Конечно же, я ее не слушал. О чем я пожалею? Ха-ха. Прощай, моя буйная сестренка. Надеюсь, мы

еще увидимся спустя треть века. А знаешь, что я буду делать сейчас? Я пойду домой, куда скоро

должен прийти и Сиэль, сегодня у него уроки до семи. И как только он вернется, в первую очередь

я расцелую его так, что у него будут долго болеть и опухать губы и язык, но он все равно будет

просить добавки. Ведь я так безудержно люблю его тело. И бесконечно ненавижу его душу.

 

- Сиэль, ты что здесь делаешь? Ты же сказал, что ты сегодня до семи!

Обнаружив графа лежащим клубочком на диване, пыльного и потрепанного, я немного опешил и

посмотрел на часы.
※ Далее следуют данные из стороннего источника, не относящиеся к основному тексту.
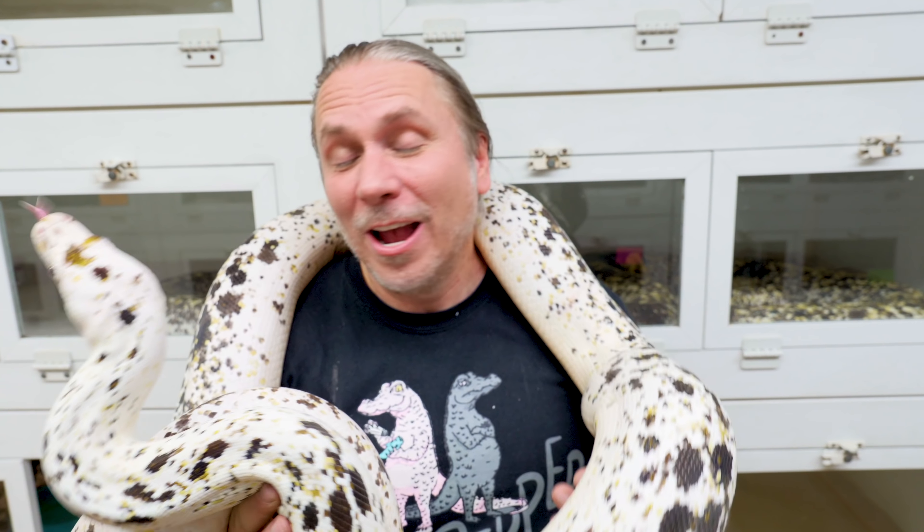I'll go ahead and end this vlog with a beautiful cow reticulated python. What amazing big snakes that NERD has — I love it here, and some of the most beautiful, amazing animals on the planet for sure. If you liked this vlog, here's another video I did messing with a white king cobra if you haven't seen that yet. Over here is an entire playlist. Hit that subscribe button and please turn those post notifications on. Remember to have a wonderful day — I'll see you guys tomorrow.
Короткая стрелка еще и не приблизилась к цифре 5.

- Отпустили пораньше, что неясного? - отрезал Сиэль, потирая глаза.

- У тебя вид такой, будто тебя корова пожевала. Опять побили?

- А чего спрашиваешь, раз сам все знаешь? Вообще, хватит болтать, я есть хочу.

Мне не понравился его дерзкий тон. Я присел рядом, но он тут же отодвинулся к краю.

- Зачем ты отдал Мадам снимок? - вдруг поинтересовался я. Демон тоже не ждал этого вопроса.

- Захотел и отдал, - нашелся Сиэль. - Пусть не забывает о нас. Сколько лет ей дали?

- То есть ты простил ее?

- А что не так, Себастьян? Она же это не по собственной воле делала, мозги затуманили, да и все.

Ее можно понять.

- Какой ты непостоянный... - протянул я.

- А ты на вопросы глухой. Сколько ей дали, еще раз повторю!

- Тридцать пять. Вы уже друг друга не узнаете.

- А тому психу?

Я сказал, а затем озвучил срок школьной технички.

- В школе наверняка об этом вовсю судачили, - добавил я.

- Еще как, - кивнул Фантомхайв. - Такая молодая, а на свободу только к пенсии выйдет. Но хоть

еще что-то она умела, а не только стекла бить.

- Теперь, Сиэль, никто тебя не тронет. Я уж об этом позабочусь.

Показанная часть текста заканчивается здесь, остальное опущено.